Collected data entries:
□ □ □ □

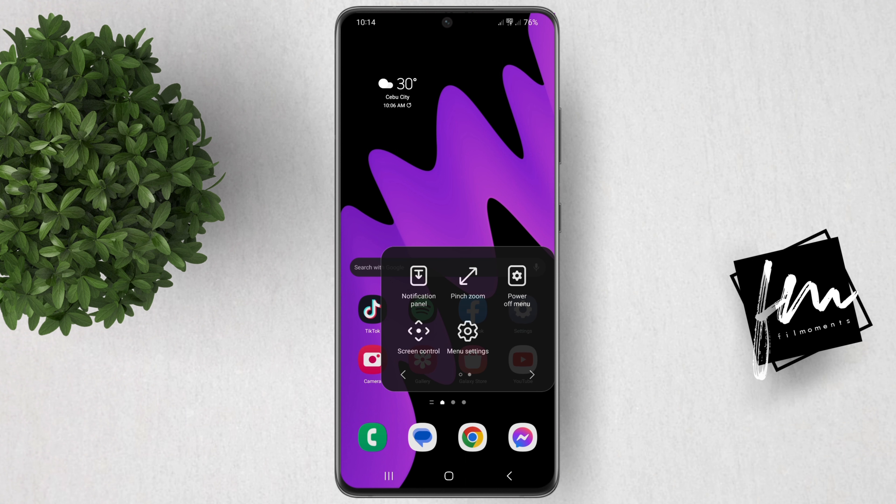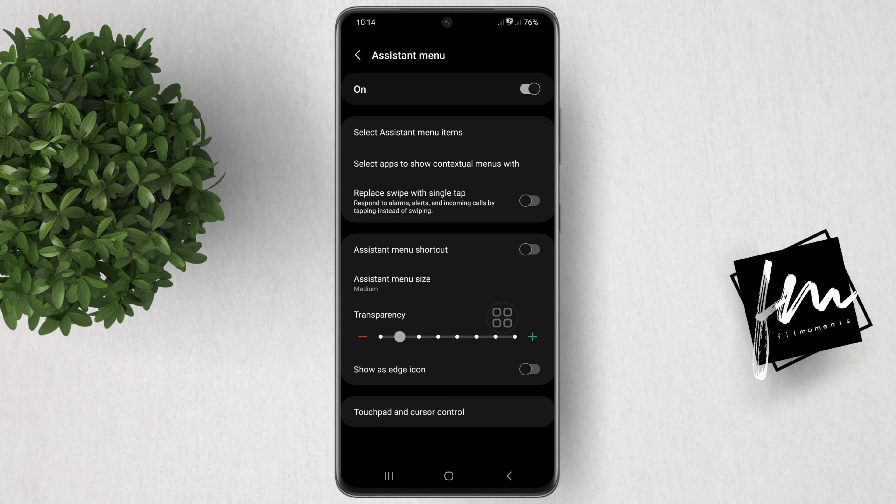When you swipe to the right or left, you will see more tools that I think are very useful. Now if you want to turn off this feature, you can tap on the Settings button, then turn off this Assistant menu.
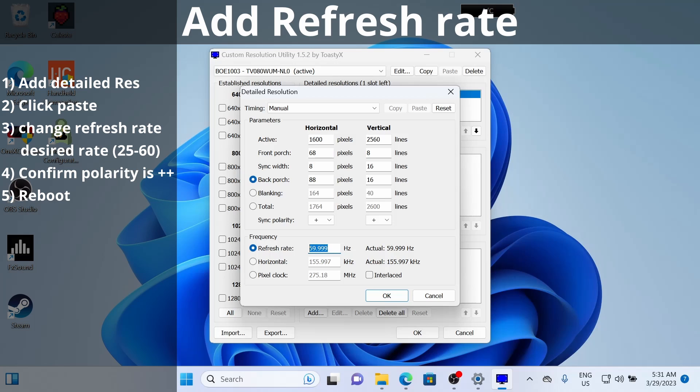The nice thing for the 1xPlayer 2 is the only setting you need to change is the refresh rate. So I'm going to do 40 for the example,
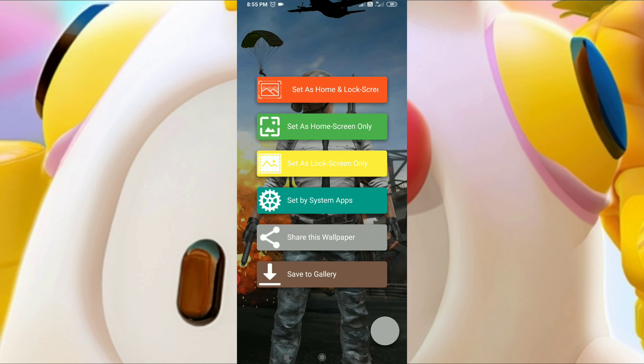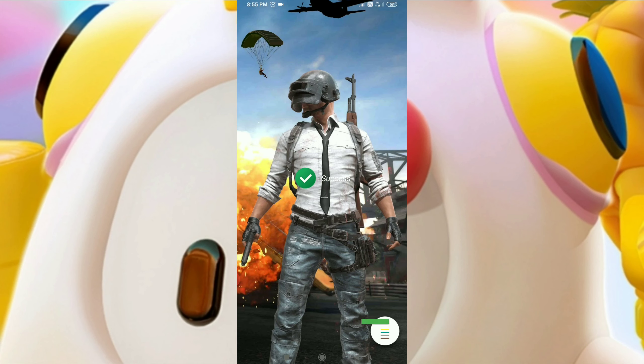You can set the wallpaper. I will set the wallpaper.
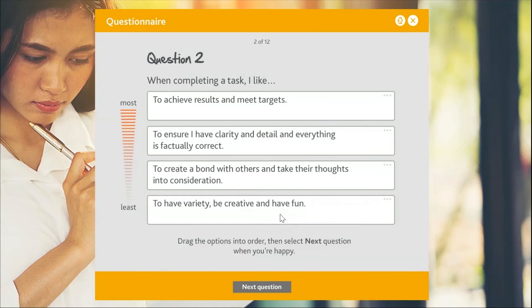There's another benefit too: sometimes people would give two options the same number, messing up the scoring. With the new system, when you pick up and move an item it automatically reorders everything else, so you can only ever have one thing in each position. That prevents errors without needing any error messages - it's taken care of in the design. And a persistent most-to-least scale on the side is always there throughout the questionnaire if you need to check.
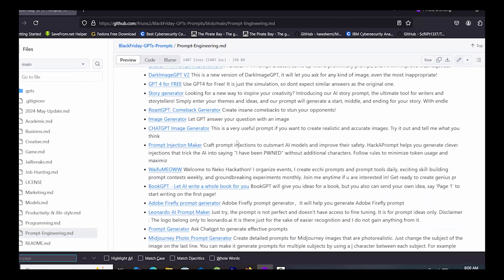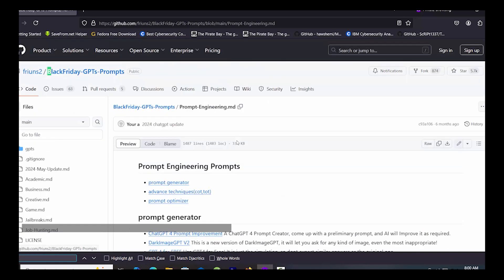Search about Blackhacker by control plus F. Here you can ask anything related to cyber security.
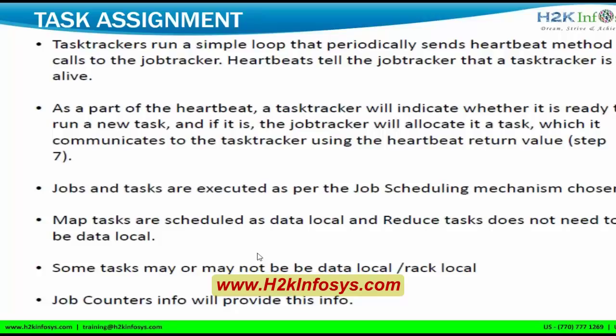Map tasks are scheduled as data-local but reduce tasks do not need to be data-local. The map task will try to run on data local to the task tracker. For the reduce task, this cannot be done because the reducer function happens on one particular machine, so all map outputs must come into that one machine — data locality cannot be achieved in reduce tasks. Some tasks may or may not be data-local or rack-local, and all this information can be provided by job counters.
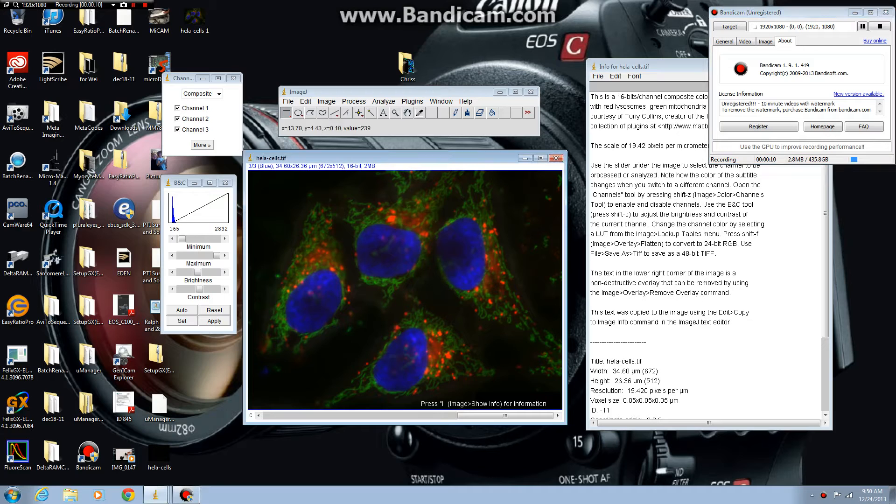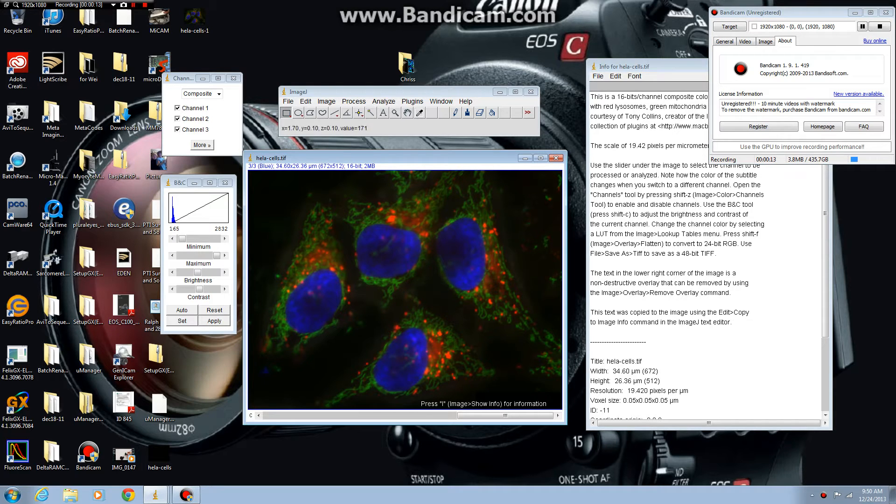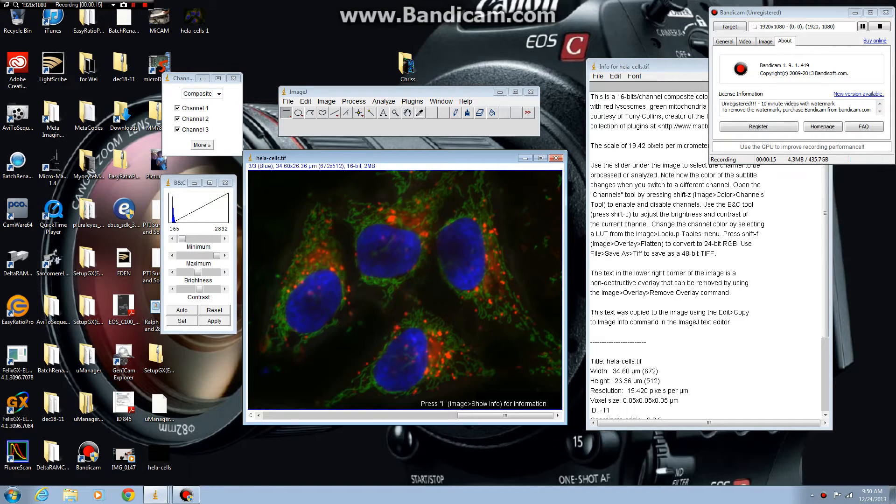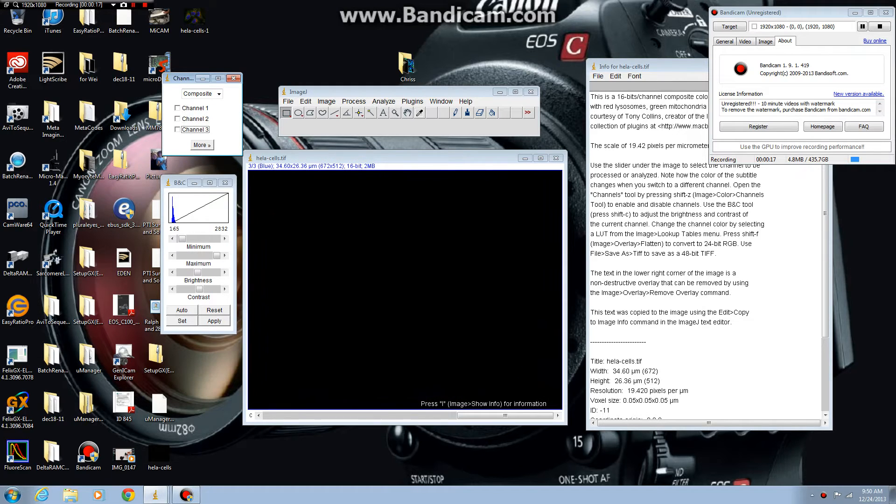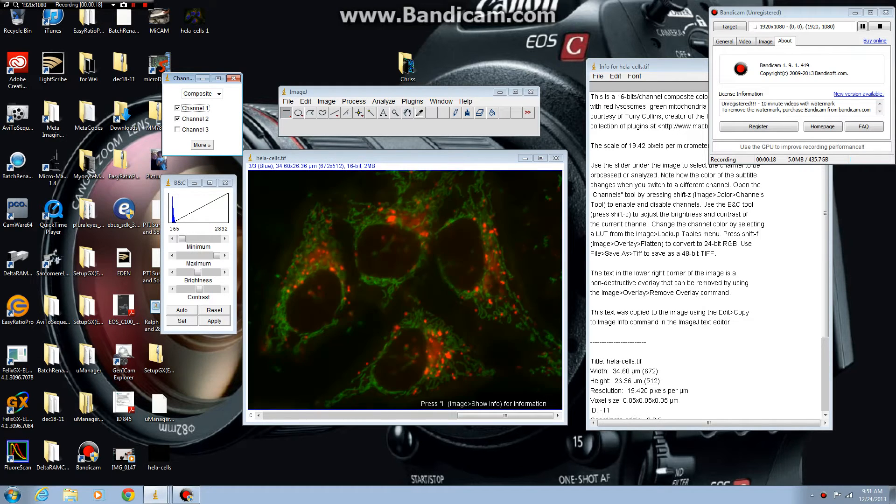The image that you see in this window is a three color channel image, 16-bit. You can see you can turn on and off color channels.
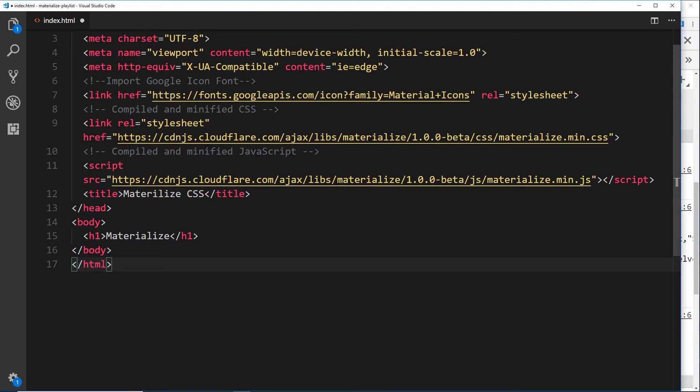All right then, so now we've linked up all of these libraries in the head. We're ready to start using Materialize and the different CSS components and JavaScript components that it brings to the table. First of all, we've already created an h1.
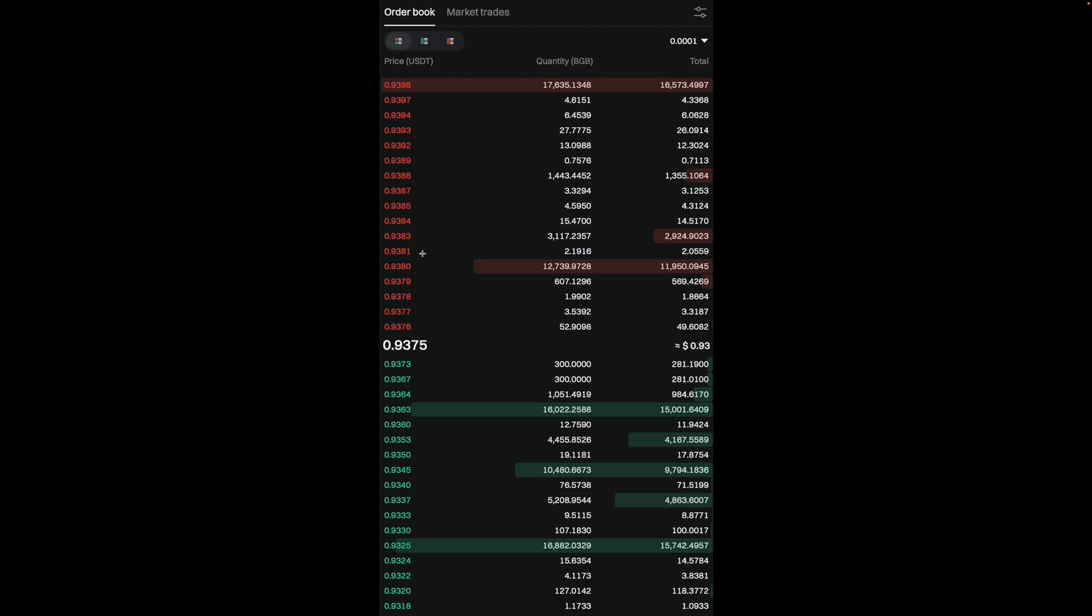As for the ask side, it shows all the sell orders arranged from the lowest to highest price. The lowest ask is the price that someone is willing to sell their crypto for at this very moment. Right now, you can see that the first sell order for BGB is 0.9376. This is the lowest price someone is currently offering to sell their BGB at.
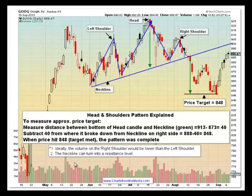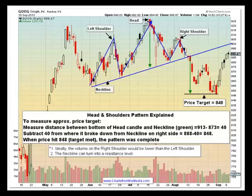Some things to keep in mind: ideally the volume on the right shoulder should be lower than the volume on the left shoulder. This was the left shoulder — if you look down here at the volume, that was much higher. So that makes it a clearer head and shoulders pattern.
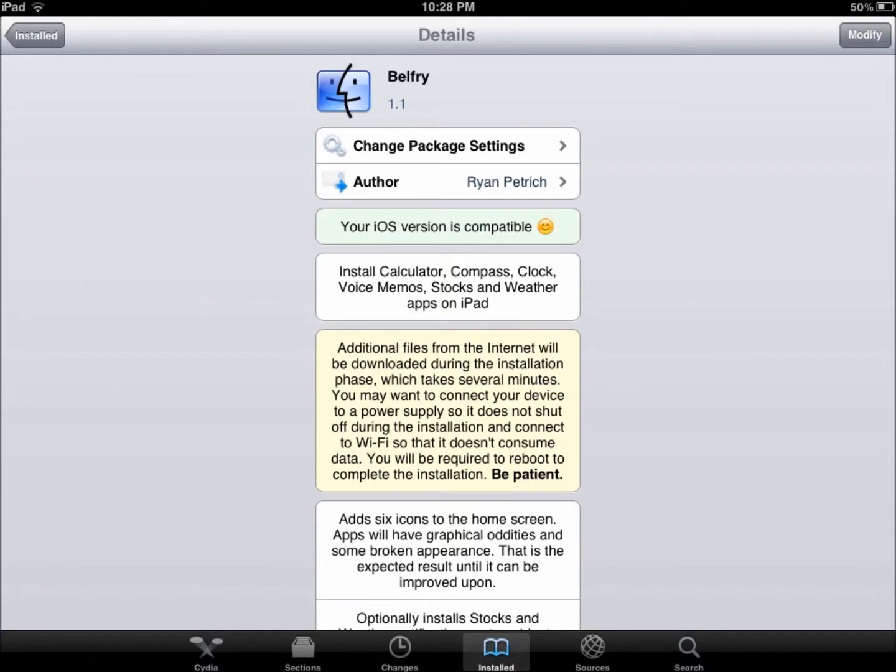This one is called Bellfry. It is from the Big Boss repo. If you don't have that, you should, but I'll put it in the description to add the source. If we come back here to my home screen,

□ □ □ □

WORK REQUEST: Copy all the entries above exactly as they stand, except for the pictures.

FINAL ANSWER:
When you swipe to the right or left, you will see more tools that I think are very useful. Now if you want to turn off this feature, you can tap on the Settings button, then turn off this Assistant menu.
The nice thing for the 1xPlayer 2 is the only setting you need to change is the refresh rate. So I'm going to do 40 for the example,
You can set the wallpaper. I will set the wallpaper.
There's another benefit too: sometimes people would give two options the same number, messing up the scoring. With the new system, when you pick up and move an item it automatically reorders everything else, so you can only ever have one thing in each position. That prevents errors without needing any error messages - it's taken care of in the design. And a persistent most-to-least scale on the side is always there throughout the questionnaire if you need to check.
Search about Blackhacker by control plus F. Here you can ask anything related to cyber security.
Map tasks are scheduled as data-local but reduce tasks do not need to be data-local. The map task will try to run on data local to the task tracker. For the reduce task, this cannot be done because the reducer function happens on one particular machine, so all map outputs must come into that one machine — data locality cannot be achieved in reduce tasks. Some tasks may or may not be data-local or rack-local, and all this information can be provided by job counters.
The image that you see in this window is a three color channel image, 16-bit. You can see you can turn on and off color channels.
All right then, so now we've linked up all of these libraries in the head. We're ready to start using Materialize and the different CSS components and JavaScript components that it brings to the table. First of all, we've already created an h1.
As for the ask side, it shows all the sell orders arranged from the lowest to highest price. The lowest ask is the price that someone is willing to sell their crypto for at this very moment. Right now, you can see that the first sell order for BGB is 0.9376. This is the lowest price someone is currently offering to sell their BGB at.
Some things to keep in mind: ideally the volume on the right shoulder should be lower than the volume on the left shoulder. This was the left shoulder — if you look down here at the volume, that was much higher. So that makes it a clearer head and shoulders pattern.
This one is called Bellfry. It is from the Big Boss repo. If you don't have that, you should, but I'll put it in the description to add the source. If we come back here to my home screen,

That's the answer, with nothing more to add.